Good feeling, the Cheméo crawler is now crawling again the web. The crawls are still performed in batchs, that is, the crawler is only launched every few months, not like Google which is accessing the websites every day.
This time, the crawler has been improved to discard non interesting pages before crawling and rewriting the URL to avoid duplicating the crawl. For example the two URLs:
http://my-website.com/index.php?foo=bar&bing=bong
http://my-website.com/index.php?bing=bong&foo=bar
are the same, because the query string bing=bong&foo=bar
passes two
keys bing
and foo
with values bong
and bar
. By rewriting the
URLs before the crawl, the system avoids duplicate crawling. Both the
crawler and the targeted website are now doing less work.
The crawler is alse using bloom filters to efficiently discard already crawled links and bad links and the best part of it is the storage of the retrieved data in a WARC file.

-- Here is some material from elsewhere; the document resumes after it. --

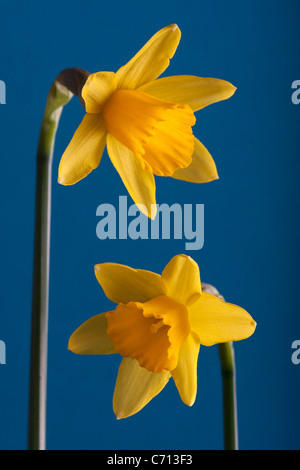 Narcissus 'tête à tête', jonquille, fleur jaune, sous réserve, sur fond bleu Banque D'Images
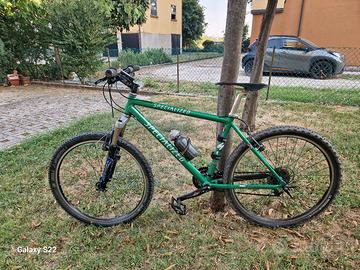 MTB uomo Specialized Race Only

A WARC file, the Web ARChive file format, is a standard to preserve the content published online. It is a well though ISO standard with a pretty large number of tools available to manipulate them. The advantage for the crawler is that many versions of the same page can be stored, it is compressed and can be efficiently manipulated after the creation. This way, the parsing of the pages is performed in total independence of the crawling.
The current crawling session is expected to last approximately a month.
Update, 23rd of February: nearly 200,000 URLs crawled in 5 days, with 1.2 millions to crawl, the one month crawl is on track.